The Lost Village(91)
Or maybe it’s just the birthmark. Maybe that’s what makes the pieces of the puzzle start to fall into place.
“Aina?” I say.
NOW
Aina’s eyes rivet me to the spot. I think I see something like surprise on her face, but it vanishes just as quickly as it appeared.
“You’re infected,” she mutters to herself, then she repeats it, drawing out the syllables: “In-fec-ted.”
What we’re supposedly infected with I don’t know, but I assume it’s nothing good.
I gulp. The muscles in my throat feel sore and strained.
“I’m Margareta’s granddaughter,” I say. “Margareta is my grandma.”
She licks her lips again, almost compulsively.
“Margareta?” she repeats.
“Your big sister,” I whisper.
She seems to go still, and for a second I think I’ve reached her.
But then she clenches her jaw and bares her teeth. Her heavy eyebrows pull together, the furrow between them forming a fissure down her face.
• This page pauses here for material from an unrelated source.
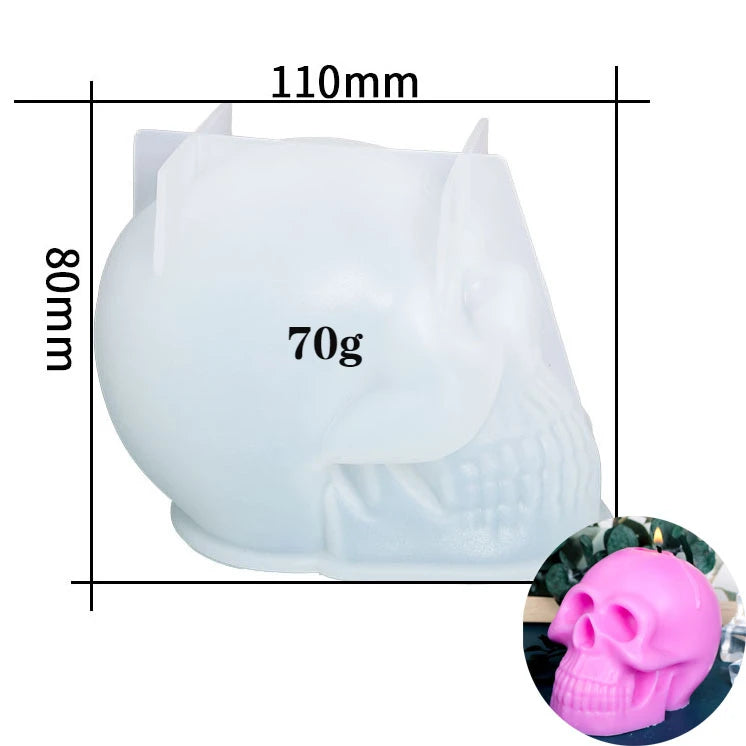 3D Skull Candle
“She left me here,” she says, with a whininess that soon turns to fury. “She left me here! She abandoned me. I wrote to her, but she never came.”
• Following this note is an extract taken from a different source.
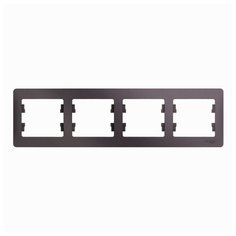 Рамка 4п Schneider Electric GLOSSA GSL001404, фиолетовый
The last part is a scratchy whisper that ends as a sigh.
“I’m here,” I say. “I came here. To find you.”
There is something of a sadness about her now, a helplessness that doesn’t fit with her appearance. She looks at me, and in that haggard face with its sickly, yellowed eyes, I see my own light-brown eyes staring back at me.
“I’m here,” I say again.
I hold my breath. Force myself not to shrink back, but to look at her.
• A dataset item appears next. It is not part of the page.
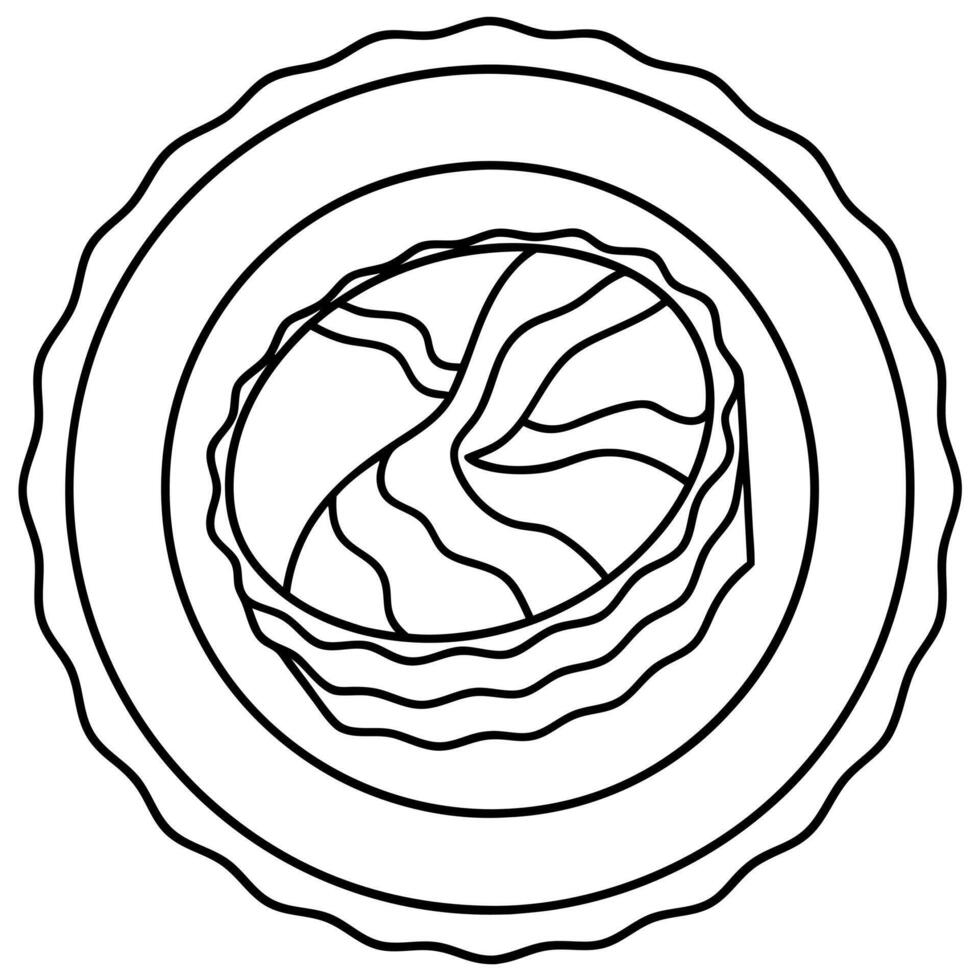 A medallion of rare meat filet. transparent file. vector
Her face hardens to a mask of carved wood.
“Infected,” she hisses again. “You’re all infected. By her.” Her knife presses even harder against Tone’s neck, and I see the skin beneath it give way, see a hypnotically red drop of blood make its way down her neck. A broken whimper leaves her throat.
“It’s not her,” I start to babble, “it’s not Birgitta—Birgitta’s dead. She’s been dead for sixty years. That’s not her, Aina, her name’s Tone, and she’s sick—”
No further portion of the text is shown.